Economists keep reminding us Canada’s productivity and productivity growth lag behind other industrialized nations. It all sounds very abstract but, for HR professionals, productivity and productivity growth are real, everyday challenges — one could argue productivity should be the bottom line for HR professionals. And, indeed, 87.1 per cent of respondents to the Pulse Survey agreed or strongly agreed improving worker productivity should be a priority for HR professionals.
As is usually the case, practice falls somewhat short of the ideal — but the numbers are interesting. Yes, only 30.3 per cent of respondents measure productivity well, but an additional 47 per cent do measure productivity (although not particularly well). In all, 77.3 per cent of organizations are measuring worker productivity to some degree.
When it comes to implementing initiatives specifically designed to boost productivity, 30.6 per cent said such initiatives are a priority for their organization. And an additional 36.2 per cent have implemented such initiatives, but note their efforts have not been systematic. In all, 66.8 per cent of organizations have some level of initiative designed specifically to boost productivity.
What complicates the picture, however, is just about everything HR professionals do can be put into the context of improving productivity — terminating non-productive employees, training and employee engagement initiatives, to name a few.
As drivers of productivity, economists usually focus on training and education, investments in machinery and technology, and culture or climate of innovation. Most treatments of the topic suggest all three are needed to increase productivity — investments in technology don’t work unless employees are willing to embrace the technology. Economists have suggested Canadian companies lag behind in their investments in research and development and in fostering innovation.

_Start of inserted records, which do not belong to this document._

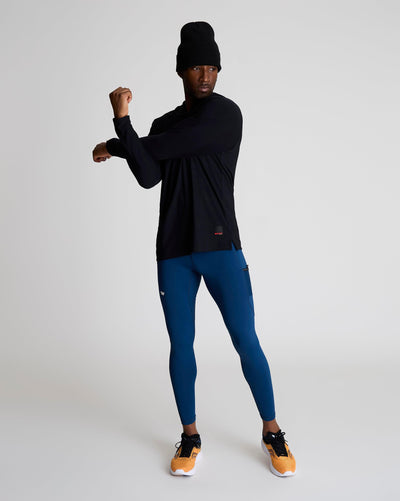 Greg (6’2") is wearing size medium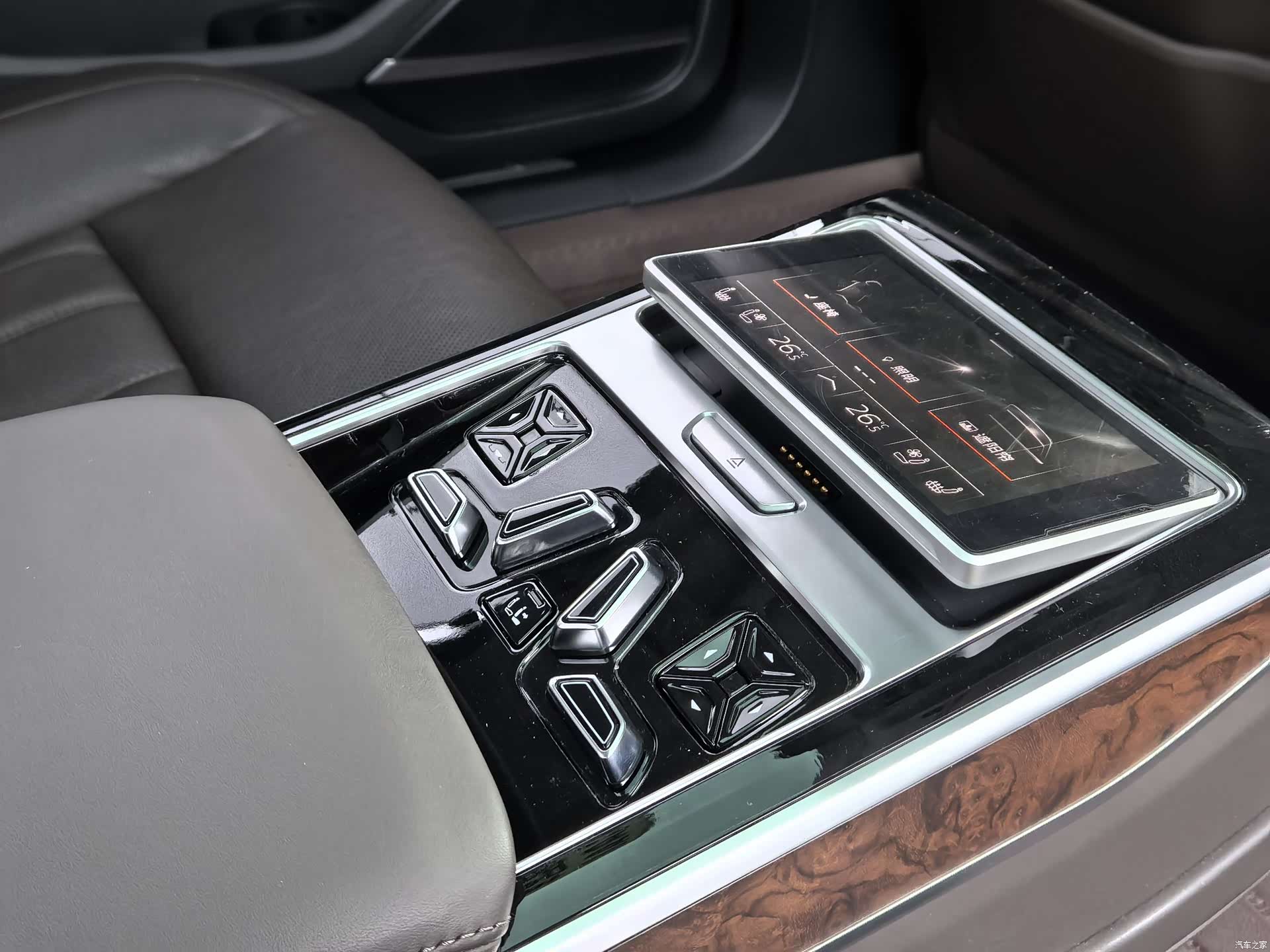 Audi A8L, 2020 16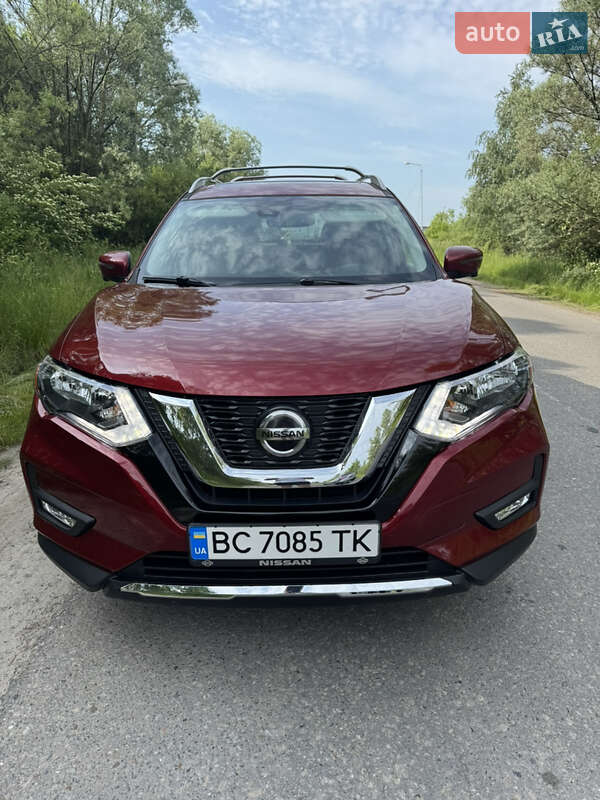 Внедорожник / Кроссовер Nissan Rogue 2017 в Львове
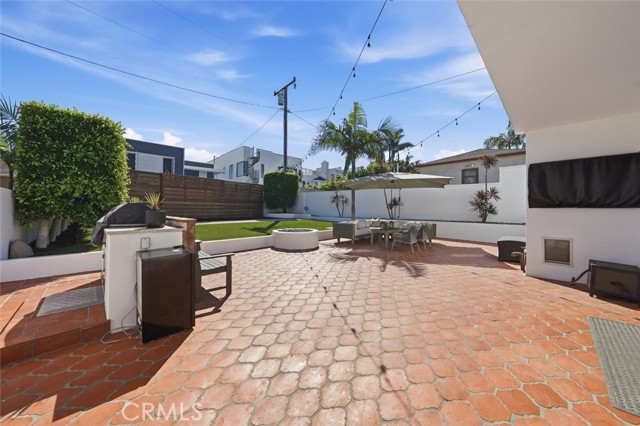 Detail Gallery Image 65 of 71 For 406 S Gertruda, Redondo Beach,  CA 90277 - 5 Beds | 4/1 Baths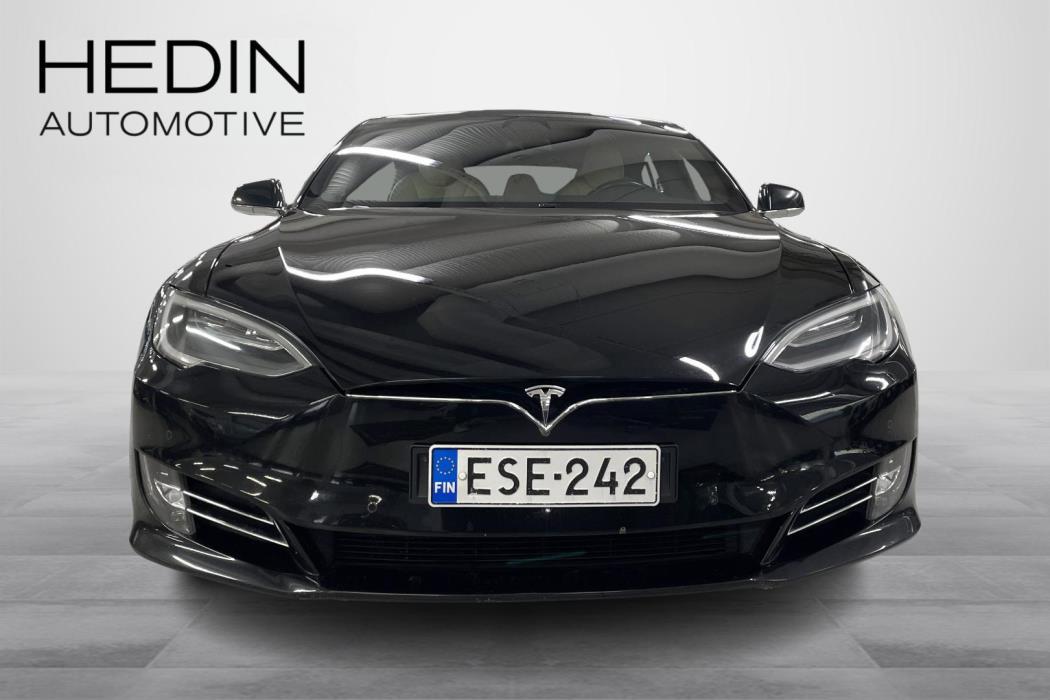 TESLA MODEL S 2020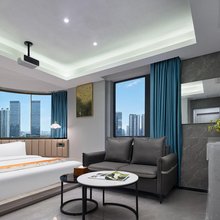 溪舍民宿(长沙橘子洲景区五一广场地铁站店)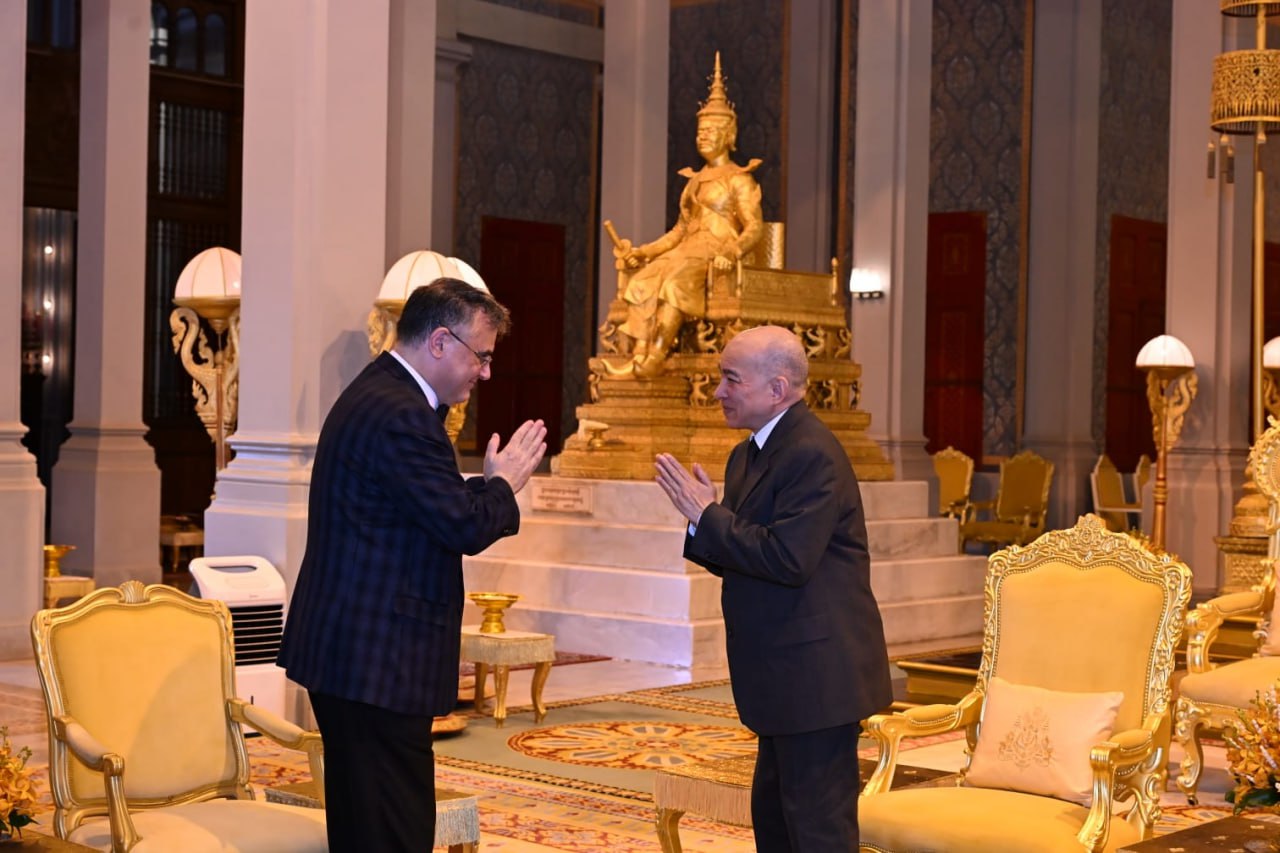 ឯកអគ្គរដ្ឋទូតបារាំងថ្មីប្រចាំកម្ពុជា បានថ្វាយសារតាំងព្រះមហាក្សត្រ នៅព្រះបរមរាជវាំង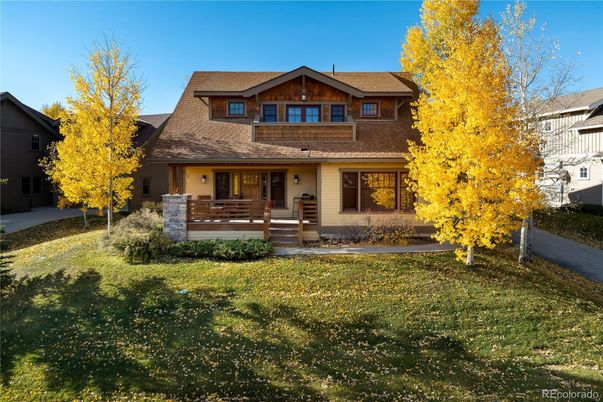 Exterior, Facade, American Craftsman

With respect to training, 35.8 per cent of respondents indicated it is linked to productivity at their organizations. A further 43.6 per cent indicated training is somewhat linked to productivity in organizations. With respect to innovation, 38 per cent indicated increasing innovation is important to their organizations. A further 44 per cent said increasing innovation has some traction in their organizations.
The next question was the interesting one — whether the HR function should take the lead with regards to driving the productivity and productivity growth agenda. On this issue, 24.9 per cent strongly agreed and a further 45.3 per cent agreed the HR function should take the lead.
This latter question sparked many comments. Many suggested productivity and productivity growth are only possible if there is a true partnership between HR and operations. Some expressed concern it would be difficult for HR to take the lead in driving productivity initiatives because the issues go beyond HR’s traditional mandate. Others saw an opportunity for the HR function to “step up to the plate.”
We can see a clear pattern across all questions. About one-third of respondents indicated productivity is an important issue for their organization. They track it and put specific initiatives in place to boost productivity. About 45 per cent are soft on productivity — although they are likely to agree it is important, they don’t track it in a systematic way and don’t have specific action plans to increase productivity. The other 20 to 25 per cent of organizations seem to have some catching up to do.
Since the Canadian economy lags other industrialized nations with respect to productivity, there may be a real opportunity for HR to take the lead, particularly at the two-thirds of organizations that have room for improvement.